Written by Aubrey Allegretti

13 November

Downing Street is not denying the remarks, and a Number 10 source has stepped in to clarify them.

A row has erupted after Boris Johnson reportedly condemned devolution in Scotland, saying it had been “a disaster north of the border”.

The prime minister claimed it was Tony Blair’s “biggest mistake” and that while he previously thought it was a good idea, he could not “see a case” for handing down more powers to Holyrood, according to The Sun.

Downing Street did not deny the remarks were made at a virtual meeting with northern Tory MPs, and a Number 10 source stepped in to clarify them.

But that did not stop a furious reaction outside Westminster.

Douglas Ross, the Scottish Conservatives leader, flatly disagreed with the assessment, tweeting: “Devolution has not been a disaster.

“The SNP’s non-stop obsession with another referendum – above jobs, schools and everything else – has been a disaster.”

Nicola Sturgeon, Scotland’s first minister, is likely to use the comments as ammunition ahead of next year’s Holyrood election, where – if the SNP wins a majority – she will press for another independence referendum.

She tweeted: “Worth bookmarking these PM comments for the next time Tories say they’re not a threat to the powers of the Scottish Parliament – or, even more incredibly, that they support devolving more powers.

“The only way to protect & strengthen the Scottish Parliament is with independence.”

The timing of Mr Johnson’s comments are particularly sensitive because the UK government is trying to pass its controversial Internal Market Bill.

The draft legislation, which apart from planning to break international law by overriding the Brexit deal, has also sparked concern Westminster will take back some powers from Brussels following Brexit that the SNP say should be devolved.

Ian Murray, Labour’s shadow Scotland secretary, said: “The Tories have always been a bigger threat to the UK than any nationalist.
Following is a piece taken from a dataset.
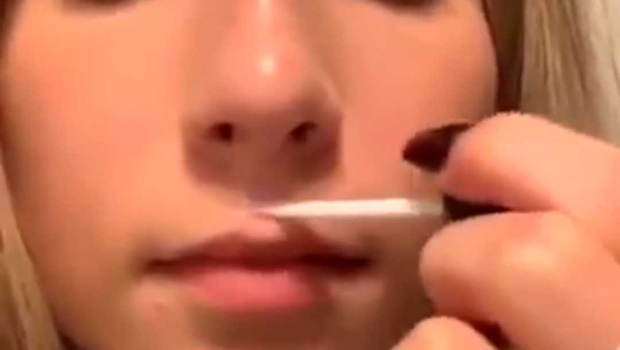 Viral clip of woman using glue to create fuller lips (Photo: Twitter)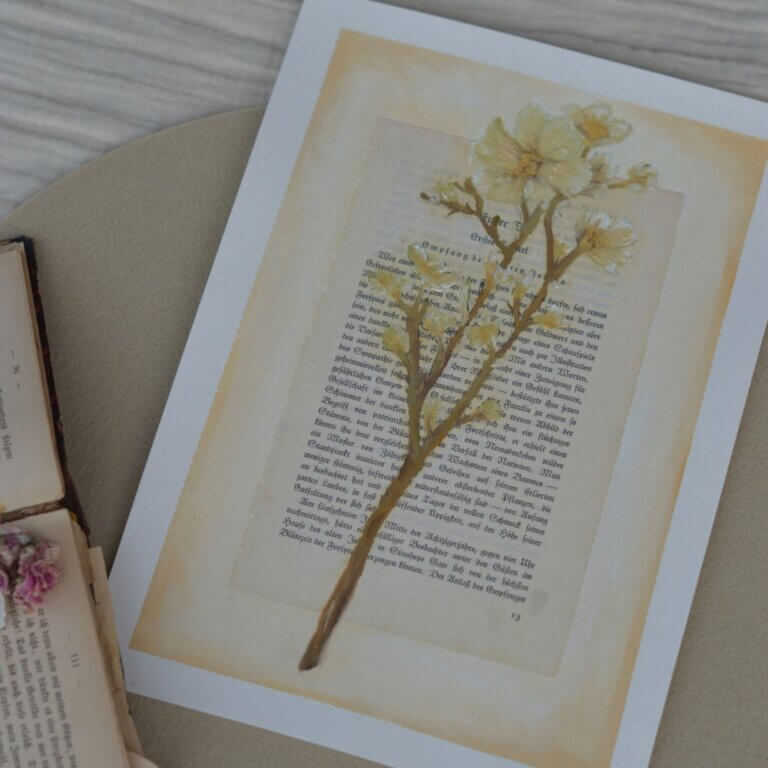 Ein originales Ölgemälde des lineativ studios, das einen filigranen, blattlosen Lebensbaum in Gold- und Ockertönen zeigt. Der Baum ist direkt auf eine vergilbte, antike Buchseite mit gedruckter deutscher Frakturschrift gemalt. Das Kunstwerk liegt flach auf einer hellen Unterlage, während im Hintergrund ein weiteres aufgeschlagenes Buch zu sehen ist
Johnson with bells on.”

Attempting to quell the backlash, a Number 10 source said Mr Johnson “always supported devolution”, but that Mr Blair, under whom the Scottish Parliament was set up, “failed to foresee the rise of separatists”.

“Devolution is great – but not when it’s used by separatists and nationalists to break up the UK,” the source said.

Cabinet minister Robert Jenrick told Sky News’ Kay Burley that the prime minister “has always supported devolution” but is “at heart a unionist”.

“He is very troubled by the rise of nationalism and separatism in the form of Nicola Sturgeon and the SNP,” the housing secretary added.

“That, I think, is the comment he was making yesterday – that whilst in some parts of the UK devolution has enabled local people to have greater say over their own destinies, to make different and the right decisions for their own communities.

“One of the downsides in Scotland has been that it’s been misused by the SNP to drive a wedge between people who are ultimately part of the same country with hundreds of years of history, of friendship and partnership.